◆ Problem statement ◆
Restate, in full and unchanged, the entries that follow, but not their pictures.

◆ Records to use ◆

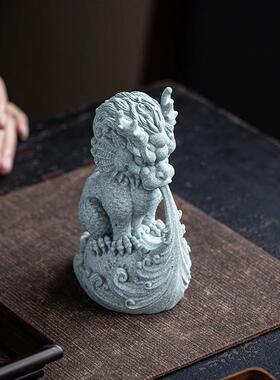 青砂石国潮风吸水兽创意家居客厅玄关工艺装饰品水族鱼缸造景摆件
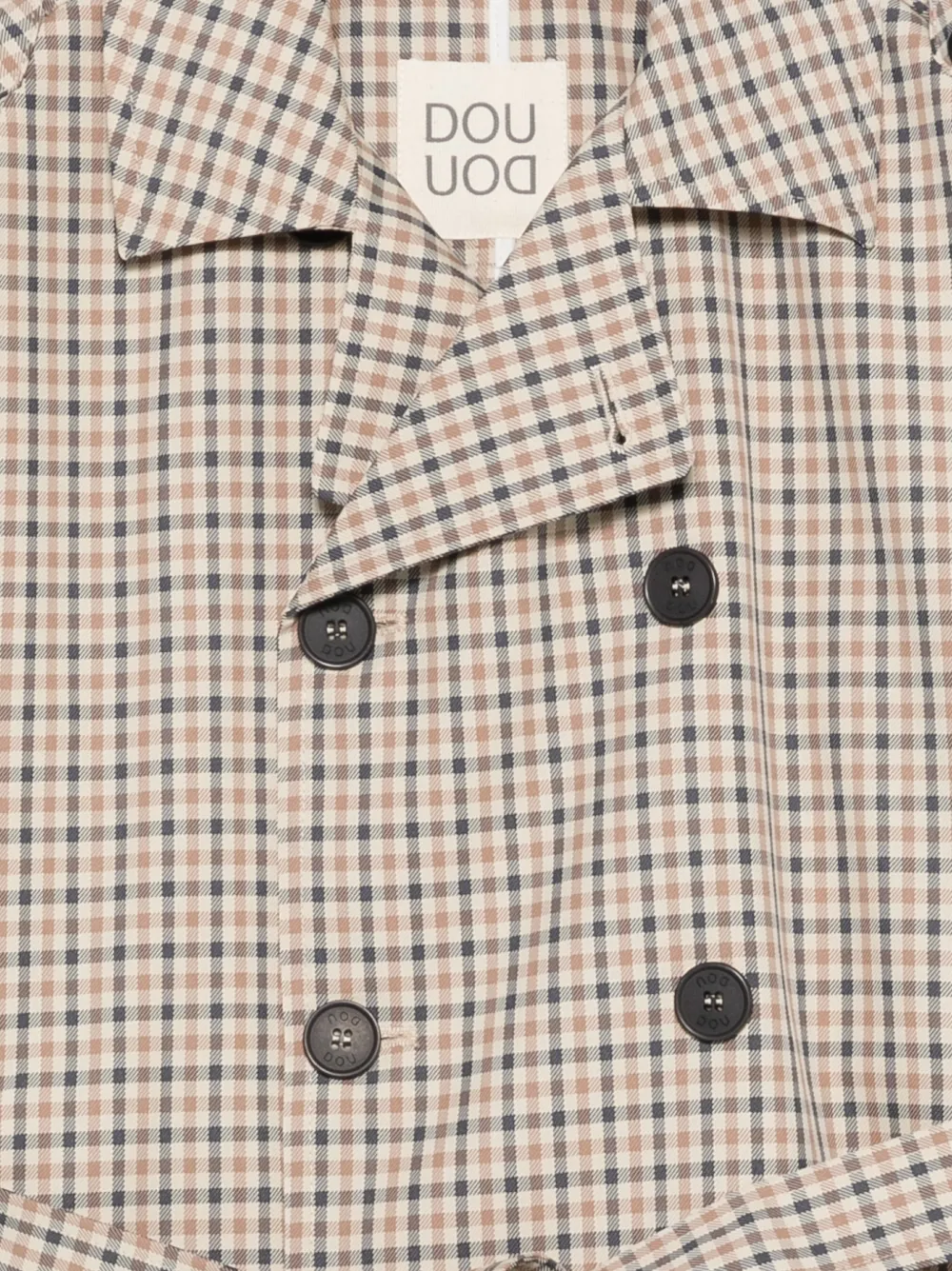  Douuod Kids Check-pattern Buttoned Jacket - Neutrals 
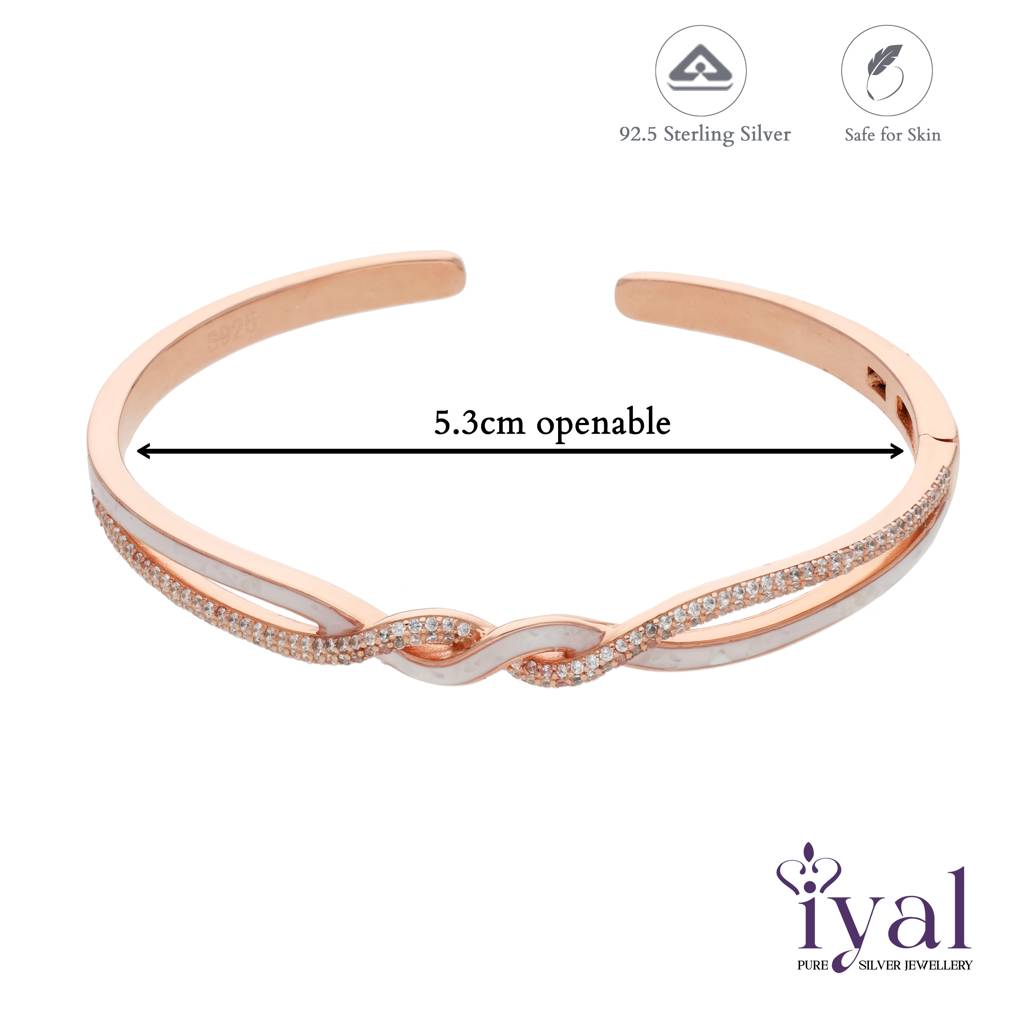 Twisted Rose Gold Polish 925 Silver-Kada : KA-13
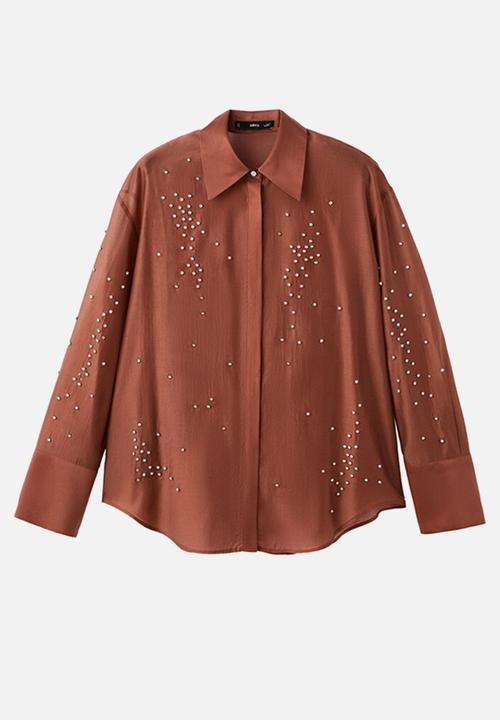 MANGO - Shirt smokey - rust/copper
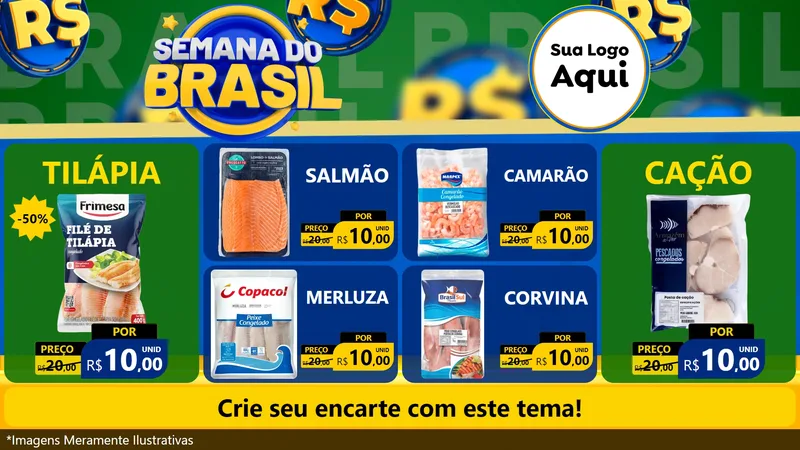 Modelo de TV para TV Horizontal com o tema Semana Do Brasil para Peixaria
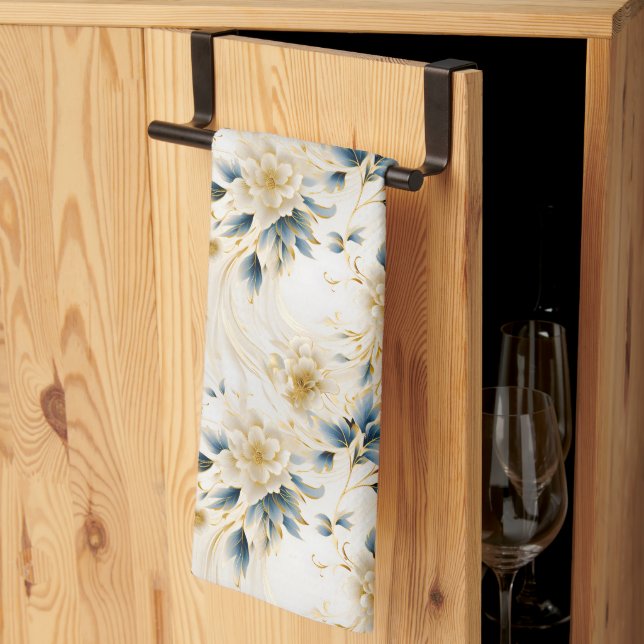 A Wedding Floral Series Design 1 Tea Towel (Thirds Fold)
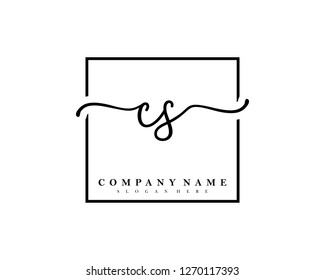 CS Initial handwriting square minimalist logo vector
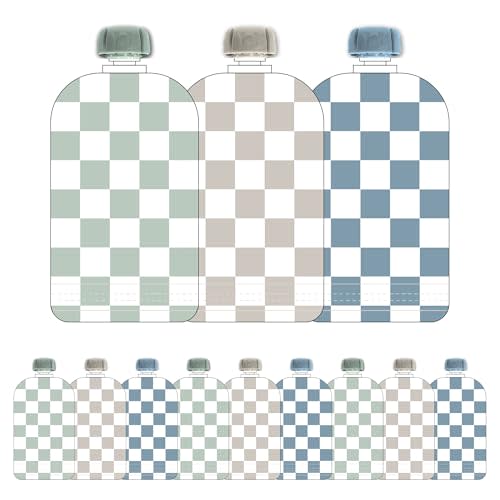 Hippypotamus Reusable Baby Food Pouches for Toddlers - BPA Free Food Grade - Dishwasher & Freezer Safe - Baby Food Containers - Refillable Squeeze Pouch for Applesauce & Yogurt - 12 Pack (Checkered)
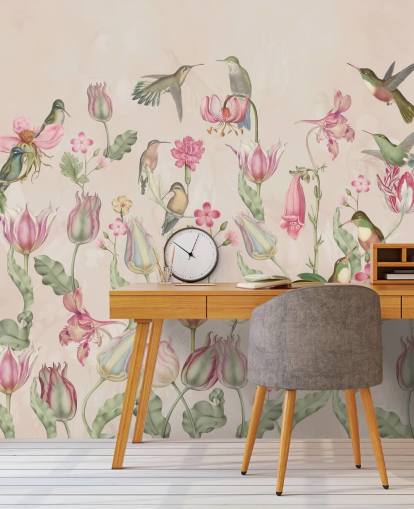 papel de parede bonito tulipas e beija-flores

◆ Result below ◆
 青砂石国潮风吸水兽创意家居客厅玄关工艺装饰品水族鱼缸造景摆件
  Douuod Kids Check-pattern Buttoned Jacket - Neutrals 
 Twisted Rose Gold Polish 925 Silver-Kada : KA-13
 MANGO - Shirt smokey - rust/copper
 Modelo de TV para TV Horizontal com o tema Semana Do Brasil para Peixaria
 A Wedding Floral Series Design 1 Tea Towel (Thirds Fold)
 CS Initial handwriting square minimalist logo vector
 Hippypotamus Reusable Baby Food Pouches for Toddlers - BPA Free Food Grade - Dishwasher & Freezer Safe - Baby Food Containers - Refillable Squeeze Pouch for Applesauce & Yogurt - 12 Pack (Checkered)
 papel de parede bonito tulipas e beija-flores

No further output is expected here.